Stored items:
[Start of section]

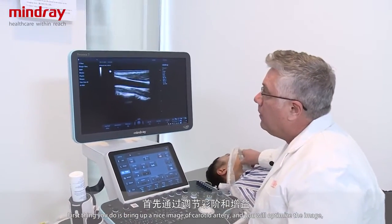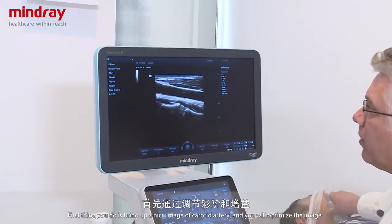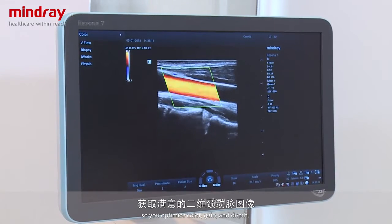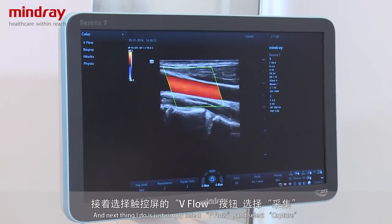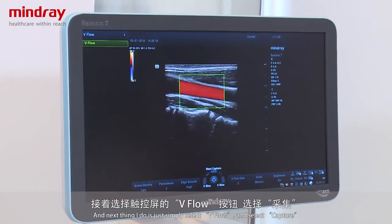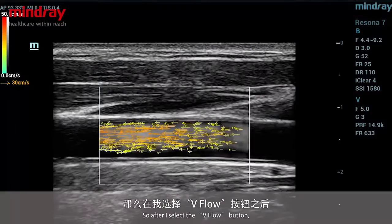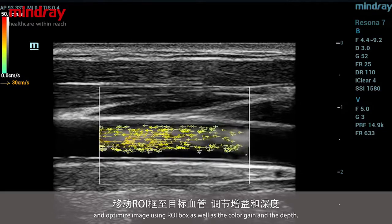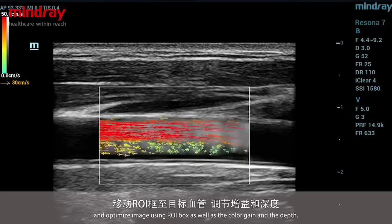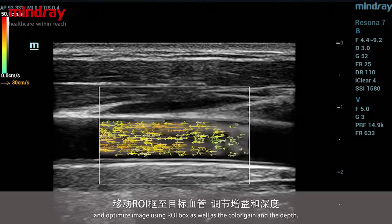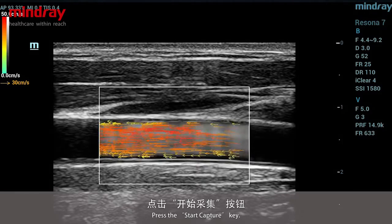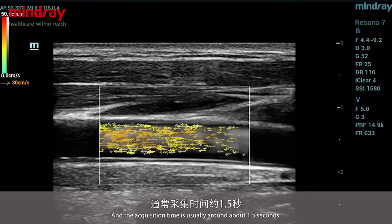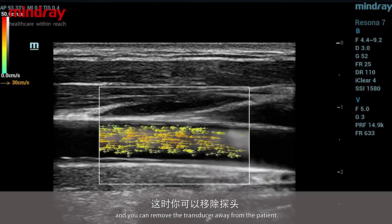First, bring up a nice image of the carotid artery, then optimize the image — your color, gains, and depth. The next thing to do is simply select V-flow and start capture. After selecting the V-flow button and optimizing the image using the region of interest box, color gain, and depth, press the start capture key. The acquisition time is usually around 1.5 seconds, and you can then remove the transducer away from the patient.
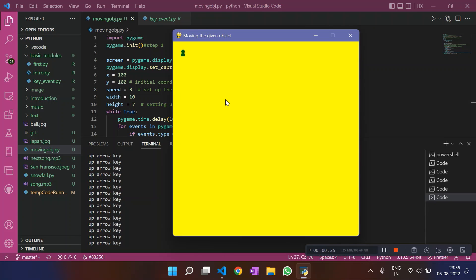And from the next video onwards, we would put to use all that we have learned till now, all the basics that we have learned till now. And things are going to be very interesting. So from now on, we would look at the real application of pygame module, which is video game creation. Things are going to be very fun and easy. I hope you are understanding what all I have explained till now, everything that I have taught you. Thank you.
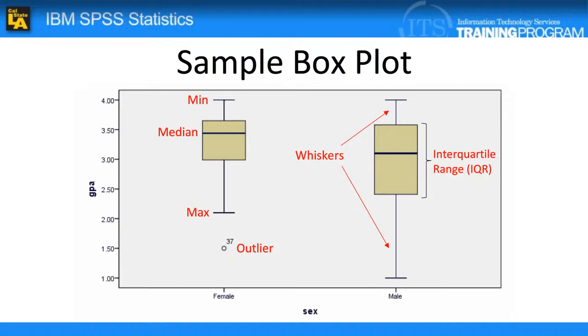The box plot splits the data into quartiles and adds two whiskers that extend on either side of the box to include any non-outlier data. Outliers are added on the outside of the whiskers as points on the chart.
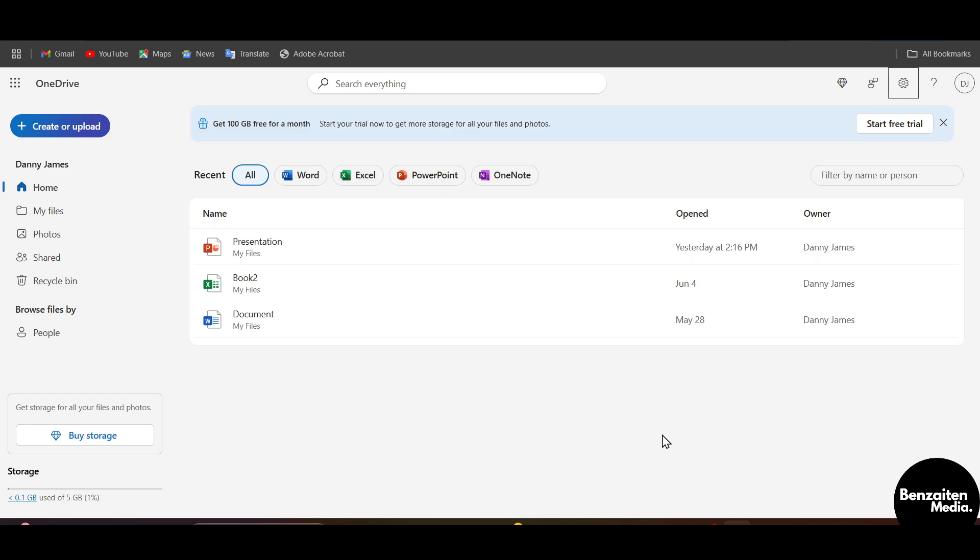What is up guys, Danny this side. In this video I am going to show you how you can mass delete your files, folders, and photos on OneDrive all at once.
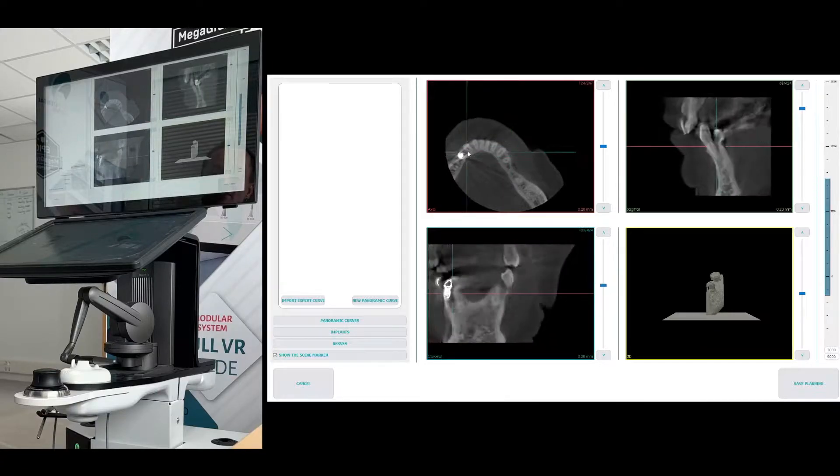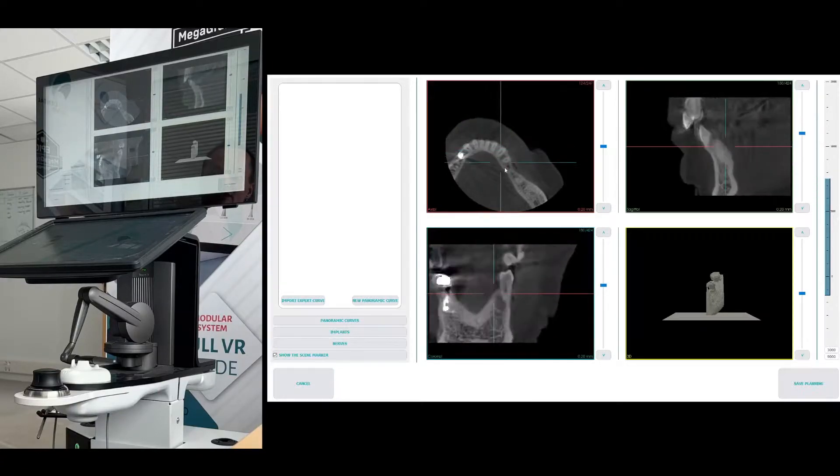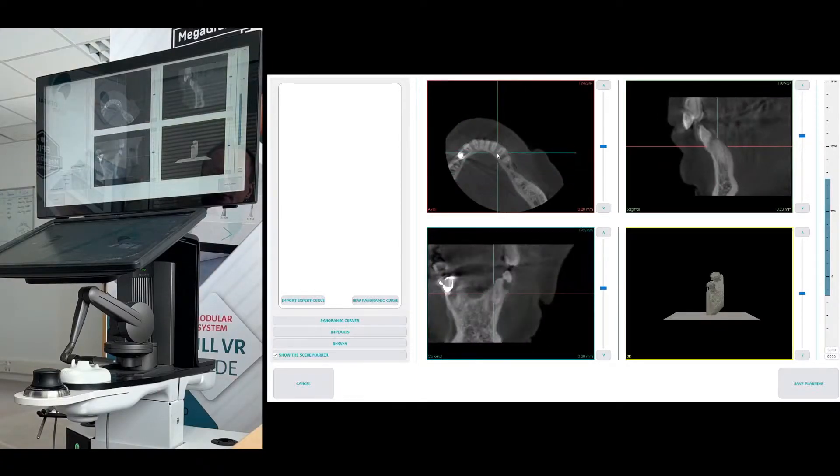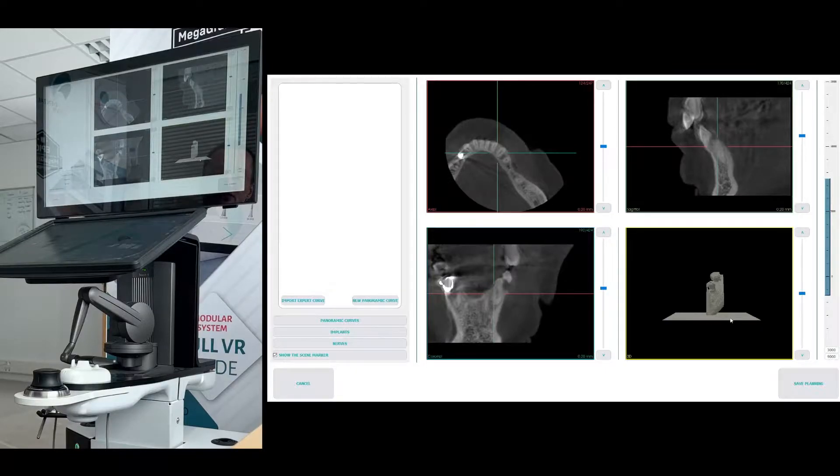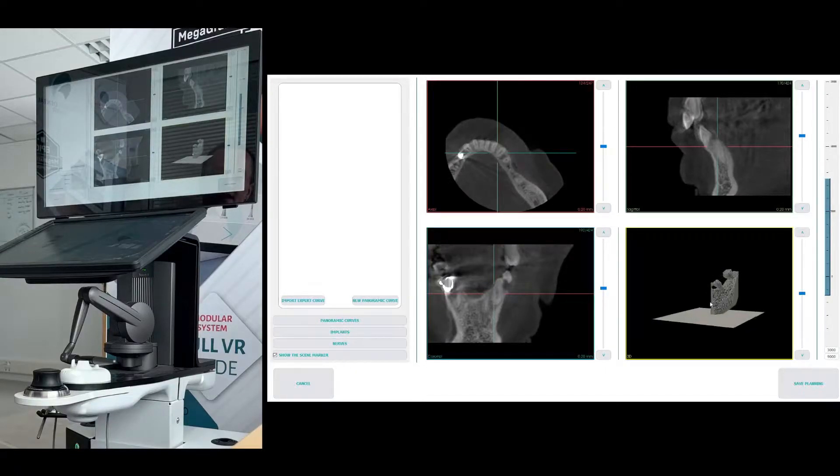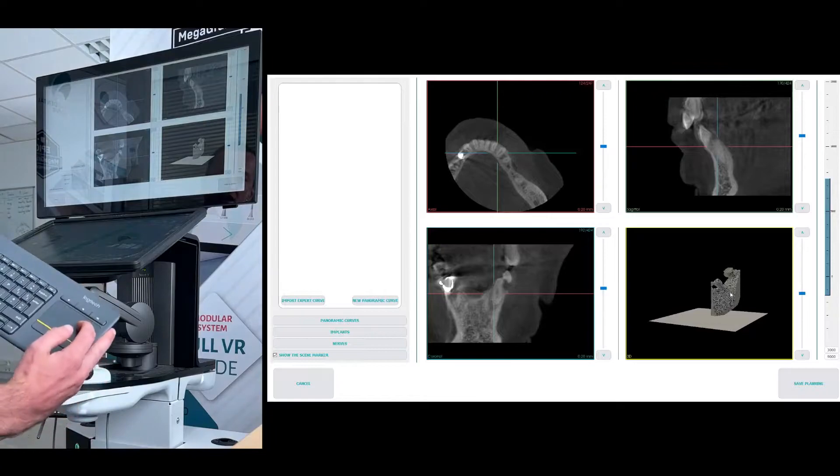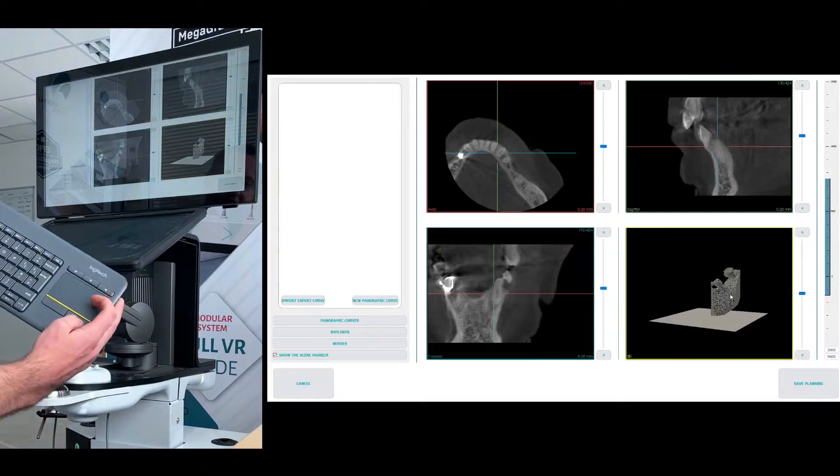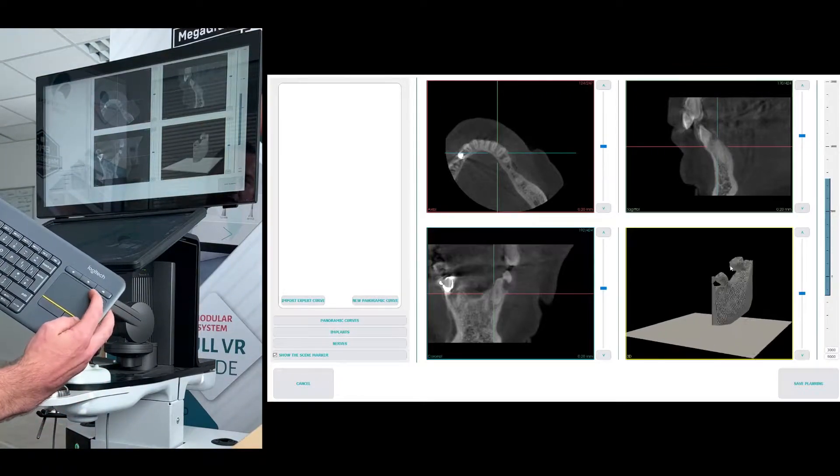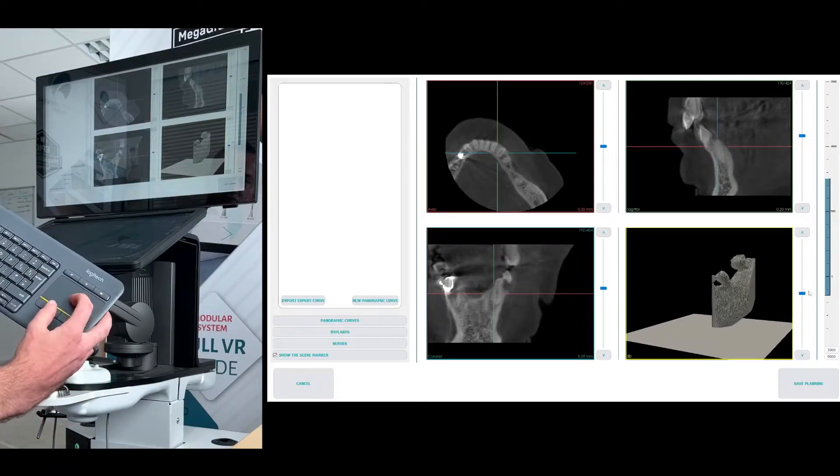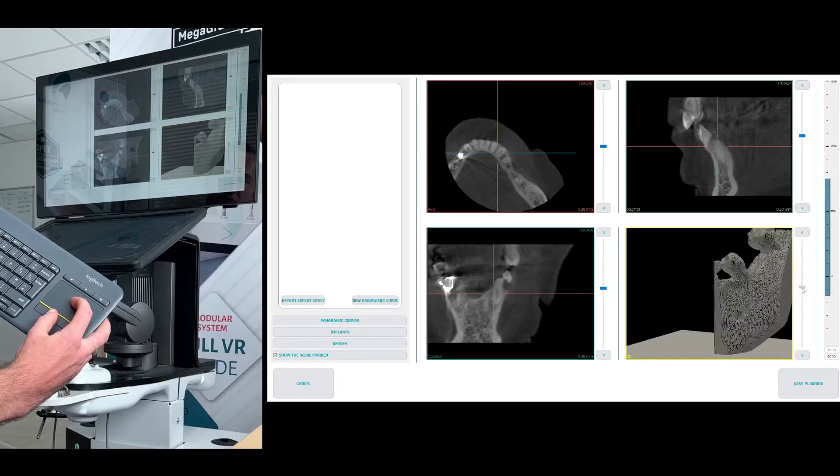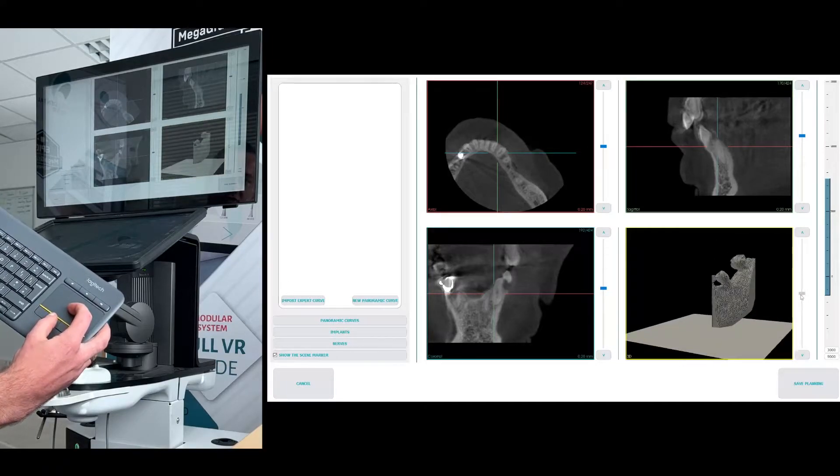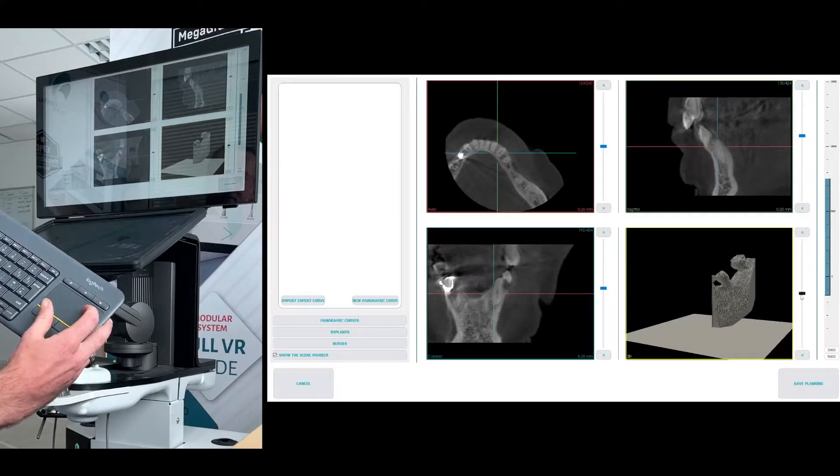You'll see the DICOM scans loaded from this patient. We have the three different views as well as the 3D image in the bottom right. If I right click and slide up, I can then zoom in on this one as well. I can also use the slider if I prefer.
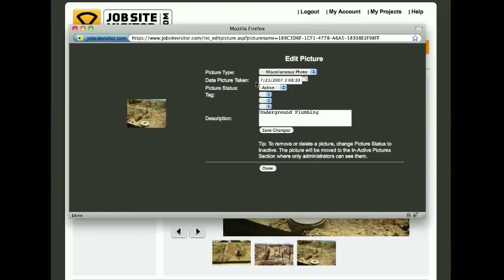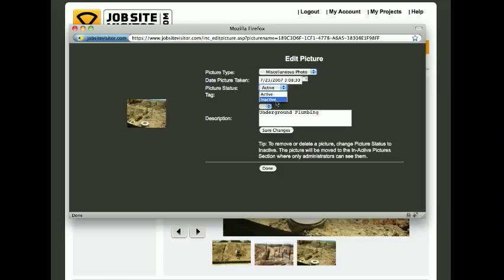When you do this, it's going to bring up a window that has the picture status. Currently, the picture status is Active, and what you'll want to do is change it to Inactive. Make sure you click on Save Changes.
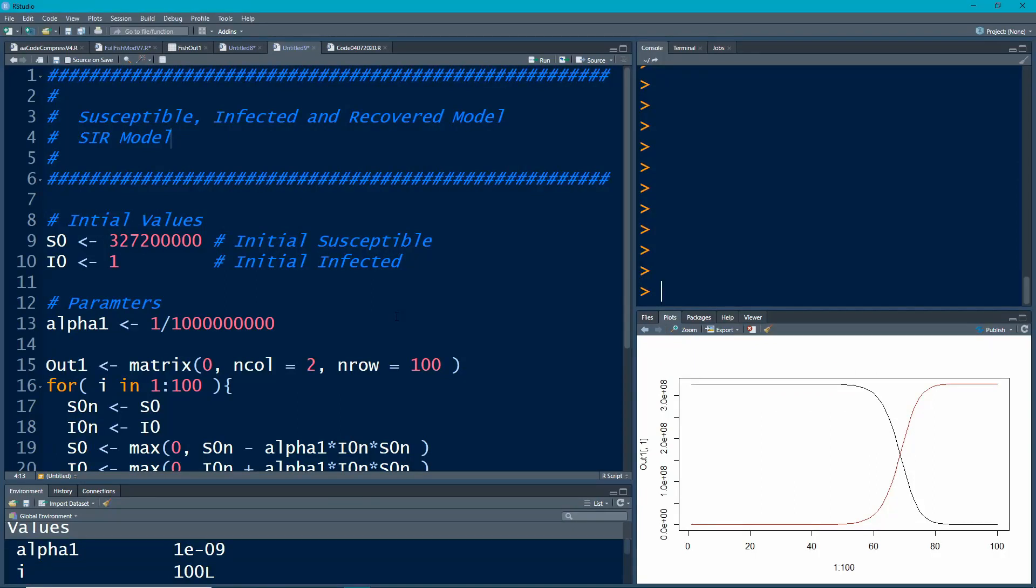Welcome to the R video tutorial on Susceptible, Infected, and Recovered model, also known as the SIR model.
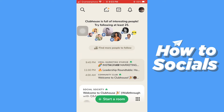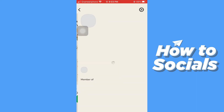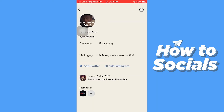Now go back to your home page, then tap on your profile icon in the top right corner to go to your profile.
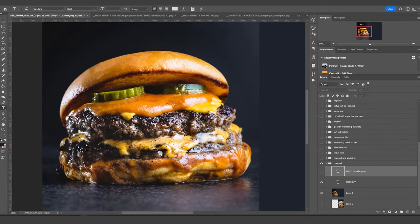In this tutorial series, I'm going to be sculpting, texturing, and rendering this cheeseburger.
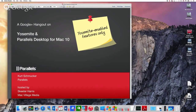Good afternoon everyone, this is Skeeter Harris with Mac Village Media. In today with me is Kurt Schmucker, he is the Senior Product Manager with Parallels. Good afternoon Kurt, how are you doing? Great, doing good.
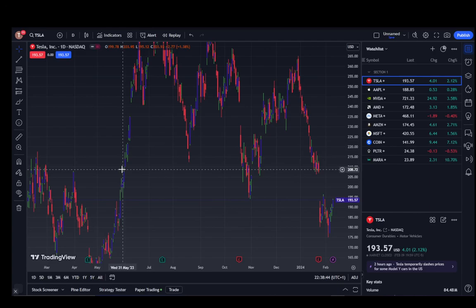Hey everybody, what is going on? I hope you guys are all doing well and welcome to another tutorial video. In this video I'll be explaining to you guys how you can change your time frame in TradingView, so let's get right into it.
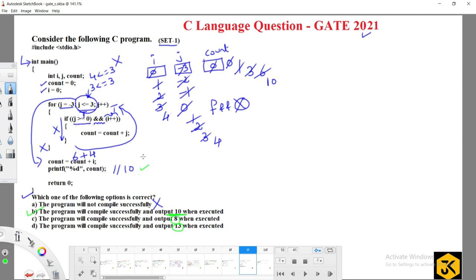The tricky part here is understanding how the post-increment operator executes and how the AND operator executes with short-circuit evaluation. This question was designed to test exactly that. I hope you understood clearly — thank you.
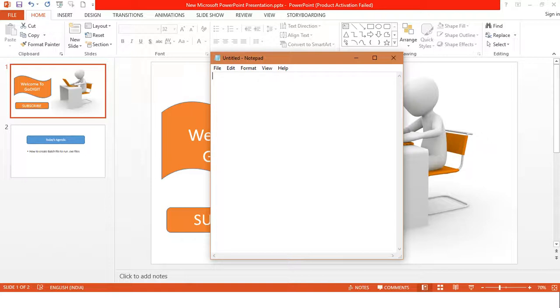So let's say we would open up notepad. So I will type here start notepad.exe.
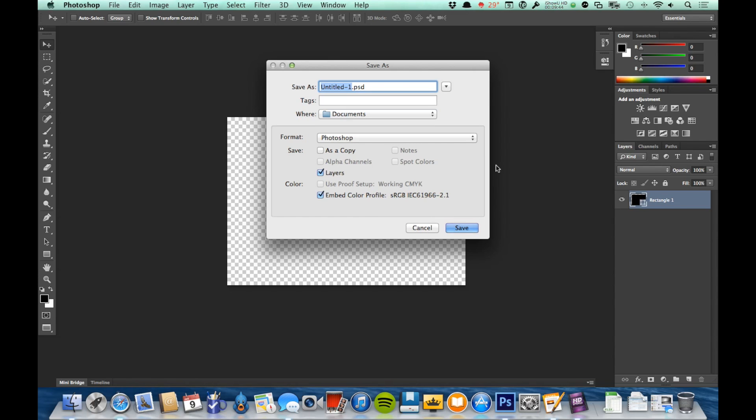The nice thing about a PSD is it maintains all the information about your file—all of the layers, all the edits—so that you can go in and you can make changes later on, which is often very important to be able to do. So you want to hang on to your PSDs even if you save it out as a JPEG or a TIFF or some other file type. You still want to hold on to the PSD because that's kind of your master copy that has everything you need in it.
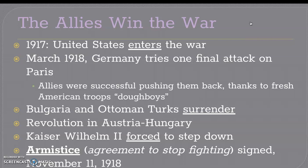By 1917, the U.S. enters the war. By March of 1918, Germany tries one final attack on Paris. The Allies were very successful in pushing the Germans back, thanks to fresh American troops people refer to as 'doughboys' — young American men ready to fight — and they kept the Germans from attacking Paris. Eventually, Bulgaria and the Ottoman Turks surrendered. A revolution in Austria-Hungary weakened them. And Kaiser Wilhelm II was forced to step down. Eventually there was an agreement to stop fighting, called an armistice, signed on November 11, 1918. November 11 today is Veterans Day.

[End of section]

EXERCISE INSTRUCTIONS: Repeat exactly the lines above, from the line that contains "Now go back" down through the line that contains "In this tutorial". Include both of those lines and none of the pictures.

EXERCISE RESULT:
Now go back to your home page, then tap on your profile icon in the top right corner to go to your profile.
In this tutorial series, I'm going to be sculpting, texturing, and rendering this cheeseburger.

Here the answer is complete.